There is no reason for the dominion folder to exist in 5 different places in the project repo. Two of those versions are completely untouched throughout the class.

Branches and pull requests could have handled versioning for each assignment, and if anyone needed to refer back to the original code it was always available in the teacher’s repo (the one we all forked our copies from) or by checking out an earlier version of the repo.

I think this poor organization sets a bad example for students, many of whom are still new to git and were confused as to why the same directory was copied into multiple locations.

No feedback on your work

Unfortunately, it’s rare to get feedback on your code in this program in general. CS362 is not unique in that the TAs don’t give suggestions for improving your coding.

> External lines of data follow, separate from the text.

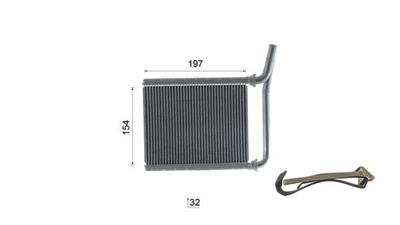 MAHLE ORIGINAL AH 323 000S Číslo výrobce: 72560193.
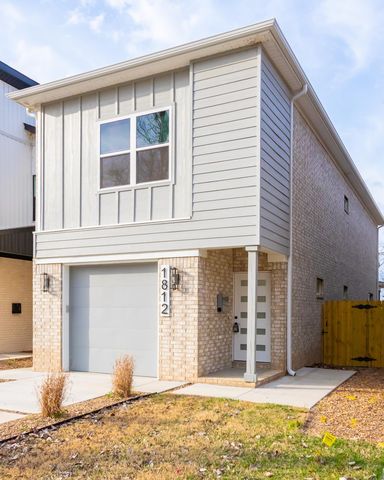 1812 E 4th Street, Little Rock, AR 72202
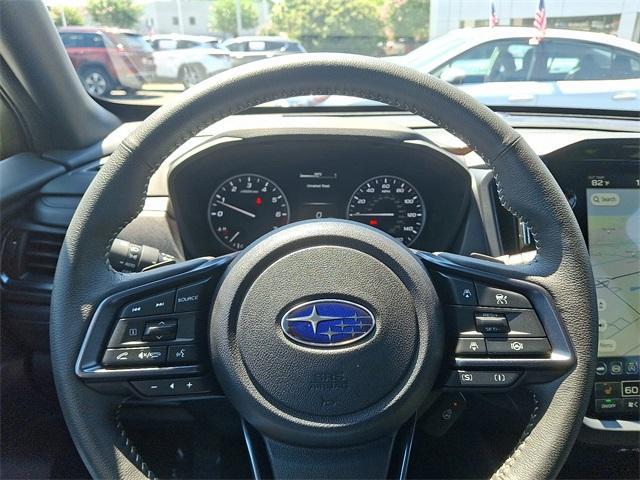 used 2025 Subaru Forester car, priced at $35,455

But this lack of feedback is exceptionally disappointing in a class that’s has you write literally hundreds of lines of tests of your own design only to hear NOTHING back.

Students are given a lot of freedom in this class, but they’ll never know if they were on the right track or not. I wrote a ton of code in this class and sent it into a void, never to be heard from again. I got an A on most of it, but maybe that’s because the accompanying document was 30 pages long.

The one time I didn’t get an A on an assignment was because the TA marked me down 15% for exposing a crash bug that was in the dominion code to begin with. At that point I didn’t know what was real anymore.

If we aren’t writing tests to expose bugs then why ARE we writing them?

I don’t know.

But I can tell you what I didn’t do in the assignments that built on that assignment: I didn’t expose that crash bug again.

I let that bug sit there, undocumented and unacknowledged, in all future assignments because to test it would be to turn in a “crash bug” that would deduct 15% off my grade each time.

I’ve worked on software for over a decade and the idea of ignoring a crash bug and knowingly failing to cover it with a test is ridiculous. Like, fireable offense ridiculous. Nobody who takes pride in their work or values transparency does this. I died a little bit inside.

But that’s the kind of class CS362 is. :(

Testing is misrepresented

If you’re hoping for help with coding style, theory, practical approaches, “what to do vs. what not to do”, you won’t find it here. What this class calls “unit testing” is more like integration testing, and little effort is made to explain the difference.

There is no TA feedback on work produced in this class. Again, that’s not a surprise, but the work in this class seems designed to invite feedback, especially since the assignments are just variations on each other. Surely the TA looked at my code and had at least one idea for improving it? I don’t think I’ve ever been in a code review of a substantial amount of code where literally nothing was suggested.

Every assignment is accompanied by pages (often 20 or more) of written documentation. There is no need to write this much documentation on code that is, for the most part, self-evident in what it is doing. I mean, there’s a string baked into every test announcing its purpose – how much more help does a TA need to figure out what the code is doing? Plus, nobody writes (or reads) this kind of stuff in the real world. They expect your code to be self-documenting and, if a process does have to be documented, it’s expected to be concise, not bloated for length’s sake.

This class doesn’t mention any existing industry-standard testing libraries and tools. I thought they could at least mention test runners, configuring tests to run automatically as part of a deployment pipeline, mocking data and services for tests, and in a 10 week class there’s time to really dig into at least one or two assert libraries.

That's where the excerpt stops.